* Task instructions: Take every line from the records below that includes the word "Hyundai".

══ Data shown

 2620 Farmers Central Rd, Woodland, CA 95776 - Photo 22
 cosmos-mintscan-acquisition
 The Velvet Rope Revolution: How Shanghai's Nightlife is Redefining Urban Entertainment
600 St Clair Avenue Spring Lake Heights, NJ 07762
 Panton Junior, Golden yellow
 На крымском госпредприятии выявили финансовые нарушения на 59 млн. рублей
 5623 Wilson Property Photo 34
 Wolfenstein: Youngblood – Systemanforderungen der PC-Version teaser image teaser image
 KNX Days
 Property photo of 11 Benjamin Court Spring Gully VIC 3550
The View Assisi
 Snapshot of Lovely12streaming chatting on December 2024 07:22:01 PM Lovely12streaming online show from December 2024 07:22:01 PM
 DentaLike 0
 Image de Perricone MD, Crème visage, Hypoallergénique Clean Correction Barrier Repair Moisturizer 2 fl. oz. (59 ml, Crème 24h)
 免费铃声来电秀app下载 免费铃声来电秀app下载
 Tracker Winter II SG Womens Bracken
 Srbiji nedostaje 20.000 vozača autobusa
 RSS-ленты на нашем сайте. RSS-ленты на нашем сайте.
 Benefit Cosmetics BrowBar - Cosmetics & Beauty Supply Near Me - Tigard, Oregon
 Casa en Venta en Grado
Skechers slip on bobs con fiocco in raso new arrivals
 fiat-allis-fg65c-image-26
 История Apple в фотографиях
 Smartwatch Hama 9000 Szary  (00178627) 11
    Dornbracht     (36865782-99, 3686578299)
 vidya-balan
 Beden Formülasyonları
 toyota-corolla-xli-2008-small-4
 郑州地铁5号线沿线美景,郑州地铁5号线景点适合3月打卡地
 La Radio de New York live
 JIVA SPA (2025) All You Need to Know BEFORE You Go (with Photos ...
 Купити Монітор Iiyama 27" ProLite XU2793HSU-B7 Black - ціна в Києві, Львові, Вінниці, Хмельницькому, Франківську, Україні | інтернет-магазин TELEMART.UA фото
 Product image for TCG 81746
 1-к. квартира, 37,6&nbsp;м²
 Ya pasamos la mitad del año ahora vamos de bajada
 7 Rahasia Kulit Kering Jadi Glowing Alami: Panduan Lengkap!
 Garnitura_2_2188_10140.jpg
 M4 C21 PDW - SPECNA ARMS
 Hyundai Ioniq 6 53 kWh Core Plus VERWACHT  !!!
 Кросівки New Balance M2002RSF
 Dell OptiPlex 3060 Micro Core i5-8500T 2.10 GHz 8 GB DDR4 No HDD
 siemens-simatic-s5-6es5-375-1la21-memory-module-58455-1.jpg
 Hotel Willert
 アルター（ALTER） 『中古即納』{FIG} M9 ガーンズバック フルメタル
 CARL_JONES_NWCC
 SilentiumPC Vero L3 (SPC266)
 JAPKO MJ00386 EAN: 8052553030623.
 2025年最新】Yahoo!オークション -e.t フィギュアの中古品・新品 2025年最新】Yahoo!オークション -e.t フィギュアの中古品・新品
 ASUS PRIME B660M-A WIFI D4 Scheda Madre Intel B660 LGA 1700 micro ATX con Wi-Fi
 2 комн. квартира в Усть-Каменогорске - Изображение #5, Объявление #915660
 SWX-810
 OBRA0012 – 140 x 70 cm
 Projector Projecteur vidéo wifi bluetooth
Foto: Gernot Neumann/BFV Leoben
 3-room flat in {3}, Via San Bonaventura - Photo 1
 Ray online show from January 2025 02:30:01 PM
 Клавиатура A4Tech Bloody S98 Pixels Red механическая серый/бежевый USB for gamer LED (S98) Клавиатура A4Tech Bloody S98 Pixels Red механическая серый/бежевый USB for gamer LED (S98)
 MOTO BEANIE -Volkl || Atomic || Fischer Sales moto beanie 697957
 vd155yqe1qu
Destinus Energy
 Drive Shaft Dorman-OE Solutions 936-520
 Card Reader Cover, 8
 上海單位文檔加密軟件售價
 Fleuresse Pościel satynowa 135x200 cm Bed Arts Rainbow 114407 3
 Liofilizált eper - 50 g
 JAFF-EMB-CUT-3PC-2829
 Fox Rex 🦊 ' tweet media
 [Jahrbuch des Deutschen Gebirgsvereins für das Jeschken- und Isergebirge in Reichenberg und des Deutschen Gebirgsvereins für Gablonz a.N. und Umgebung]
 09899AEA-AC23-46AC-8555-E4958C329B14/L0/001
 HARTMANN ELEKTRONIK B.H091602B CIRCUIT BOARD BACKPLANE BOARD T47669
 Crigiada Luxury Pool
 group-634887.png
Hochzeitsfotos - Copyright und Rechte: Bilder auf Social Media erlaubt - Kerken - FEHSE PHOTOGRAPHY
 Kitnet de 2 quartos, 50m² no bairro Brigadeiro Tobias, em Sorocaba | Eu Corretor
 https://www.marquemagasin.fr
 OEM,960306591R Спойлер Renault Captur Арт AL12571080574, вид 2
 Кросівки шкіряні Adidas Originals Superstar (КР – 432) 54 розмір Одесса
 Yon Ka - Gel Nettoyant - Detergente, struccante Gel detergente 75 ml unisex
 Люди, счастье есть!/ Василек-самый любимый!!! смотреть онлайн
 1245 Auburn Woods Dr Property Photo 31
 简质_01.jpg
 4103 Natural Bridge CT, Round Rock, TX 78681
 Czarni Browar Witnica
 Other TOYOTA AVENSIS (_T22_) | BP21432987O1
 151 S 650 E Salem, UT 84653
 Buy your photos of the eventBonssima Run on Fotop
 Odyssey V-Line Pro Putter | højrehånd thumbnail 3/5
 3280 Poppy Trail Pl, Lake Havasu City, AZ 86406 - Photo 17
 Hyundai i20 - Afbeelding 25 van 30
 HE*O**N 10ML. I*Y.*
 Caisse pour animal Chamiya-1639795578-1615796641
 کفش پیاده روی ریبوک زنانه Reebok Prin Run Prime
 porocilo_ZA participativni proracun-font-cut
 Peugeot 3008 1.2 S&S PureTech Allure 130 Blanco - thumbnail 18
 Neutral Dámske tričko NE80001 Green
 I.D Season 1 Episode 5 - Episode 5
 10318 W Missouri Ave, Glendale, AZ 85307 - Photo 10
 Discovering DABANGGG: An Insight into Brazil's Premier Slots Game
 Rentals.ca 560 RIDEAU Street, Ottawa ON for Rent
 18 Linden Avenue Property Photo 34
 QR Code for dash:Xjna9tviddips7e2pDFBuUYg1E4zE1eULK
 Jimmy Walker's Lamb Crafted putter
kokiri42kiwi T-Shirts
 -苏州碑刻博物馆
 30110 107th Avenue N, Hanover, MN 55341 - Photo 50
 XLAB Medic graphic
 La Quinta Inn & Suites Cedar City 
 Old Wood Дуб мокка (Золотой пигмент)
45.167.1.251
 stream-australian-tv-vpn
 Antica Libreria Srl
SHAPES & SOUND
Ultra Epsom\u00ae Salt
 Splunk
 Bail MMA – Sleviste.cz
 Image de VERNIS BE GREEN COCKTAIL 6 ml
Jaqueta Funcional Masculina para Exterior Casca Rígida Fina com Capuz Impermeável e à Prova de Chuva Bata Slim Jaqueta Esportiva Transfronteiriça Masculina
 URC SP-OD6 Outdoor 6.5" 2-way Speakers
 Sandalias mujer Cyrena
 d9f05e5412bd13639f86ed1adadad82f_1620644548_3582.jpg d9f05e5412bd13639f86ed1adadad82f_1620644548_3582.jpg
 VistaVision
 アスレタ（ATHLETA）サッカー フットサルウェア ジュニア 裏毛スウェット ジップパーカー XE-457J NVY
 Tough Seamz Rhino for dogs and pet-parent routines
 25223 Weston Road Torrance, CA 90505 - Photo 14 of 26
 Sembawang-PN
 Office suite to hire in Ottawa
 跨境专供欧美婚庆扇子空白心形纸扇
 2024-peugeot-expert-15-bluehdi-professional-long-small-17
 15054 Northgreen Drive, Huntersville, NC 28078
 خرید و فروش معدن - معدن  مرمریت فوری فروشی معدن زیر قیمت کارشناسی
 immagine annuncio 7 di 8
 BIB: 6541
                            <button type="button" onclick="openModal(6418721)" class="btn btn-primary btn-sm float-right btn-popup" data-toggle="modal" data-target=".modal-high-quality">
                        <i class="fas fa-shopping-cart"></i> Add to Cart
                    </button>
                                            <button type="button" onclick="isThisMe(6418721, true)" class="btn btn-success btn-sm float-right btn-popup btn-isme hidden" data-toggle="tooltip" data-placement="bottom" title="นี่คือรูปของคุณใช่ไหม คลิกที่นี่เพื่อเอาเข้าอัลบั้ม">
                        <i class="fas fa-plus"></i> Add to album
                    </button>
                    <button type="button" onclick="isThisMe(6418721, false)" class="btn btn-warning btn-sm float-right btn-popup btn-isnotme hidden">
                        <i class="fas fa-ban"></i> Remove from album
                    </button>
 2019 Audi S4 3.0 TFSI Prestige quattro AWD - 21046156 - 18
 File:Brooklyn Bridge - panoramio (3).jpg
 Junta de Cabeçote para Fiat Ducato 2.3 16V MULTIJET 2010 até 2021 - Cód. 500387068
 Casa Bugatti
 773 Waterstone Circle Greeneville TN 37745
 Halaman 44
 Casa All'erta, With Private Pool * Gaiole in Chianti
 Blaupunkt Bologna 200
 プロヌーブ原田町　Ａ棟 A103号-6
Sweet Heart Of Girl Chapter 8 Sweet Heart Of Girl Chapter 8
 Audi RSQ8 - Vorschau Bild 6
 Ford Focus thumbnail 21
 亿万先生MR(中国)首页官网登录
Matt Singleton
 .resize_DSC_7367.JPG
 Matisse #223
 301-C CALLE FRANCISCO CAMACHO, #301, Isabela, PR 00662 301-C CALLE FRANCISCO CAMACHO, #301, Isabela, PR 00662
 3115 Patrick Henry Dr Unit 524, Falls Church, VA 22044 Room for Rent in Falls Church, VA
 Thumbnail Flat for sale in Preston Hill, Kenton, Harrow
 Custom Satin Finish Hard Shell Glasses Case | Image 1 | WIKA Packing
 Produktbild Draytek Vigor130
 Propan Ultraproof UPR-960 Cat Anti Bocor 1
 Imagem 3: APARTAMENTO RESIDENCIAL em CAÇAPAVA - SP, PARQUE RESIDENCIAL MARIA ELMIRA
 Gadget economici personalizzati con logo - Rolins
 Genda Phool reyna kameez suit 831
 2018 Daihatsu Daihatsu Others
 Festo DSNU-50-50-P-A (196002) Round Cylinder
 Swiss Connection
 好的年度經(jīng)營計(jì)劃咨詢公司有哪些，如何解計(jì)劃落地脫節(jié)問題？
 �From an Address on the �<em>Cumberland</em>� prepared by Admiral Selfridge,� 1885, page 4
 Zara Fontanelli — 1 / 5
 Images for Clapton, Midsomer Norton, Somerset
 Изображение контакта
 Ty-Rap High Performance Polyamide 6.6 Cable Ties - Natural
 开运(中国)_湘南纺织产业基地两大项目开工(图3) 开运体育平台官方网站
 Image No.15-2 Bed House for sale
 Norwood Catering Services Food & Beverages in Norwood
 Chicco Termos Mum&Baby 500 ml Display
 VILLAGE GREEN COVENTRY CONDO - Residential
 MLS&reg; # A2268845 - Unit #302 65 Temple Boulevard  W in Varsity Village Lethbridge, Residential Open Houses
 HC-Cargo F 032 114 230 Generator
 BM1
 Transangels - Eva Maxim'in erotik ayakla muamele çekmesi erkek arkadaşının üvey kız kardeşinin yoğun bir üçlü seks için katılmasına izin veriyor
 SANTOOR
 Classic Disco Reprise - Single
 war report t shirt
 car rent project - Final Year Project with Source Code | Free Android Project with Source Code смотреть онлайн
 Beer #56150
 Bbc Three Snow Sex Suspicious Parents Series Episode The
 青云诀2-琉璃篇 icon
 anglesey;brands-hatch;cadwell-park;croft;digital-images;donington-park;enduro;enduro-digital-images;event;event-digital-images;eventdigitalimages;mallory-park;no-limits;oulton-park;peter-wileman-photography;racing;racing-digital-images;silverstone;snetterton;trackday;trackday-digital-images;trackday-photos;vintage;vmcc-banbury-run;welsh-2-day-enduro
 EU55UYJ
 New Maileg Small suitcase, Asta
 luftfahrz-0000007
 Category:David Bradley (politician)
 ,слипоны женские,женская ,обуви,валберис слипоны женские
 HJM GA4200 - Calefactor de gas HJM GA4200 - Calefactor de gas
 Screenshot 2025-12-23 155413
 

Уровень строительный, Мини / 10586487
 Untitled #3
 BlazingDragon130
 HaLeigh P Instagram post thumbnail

════

* Answer space:
 Hyundai Ioniq 6 53 kWh Core Plus VERWACHT  !!!
 Hyundai i20 - Afbeelding 25 van 30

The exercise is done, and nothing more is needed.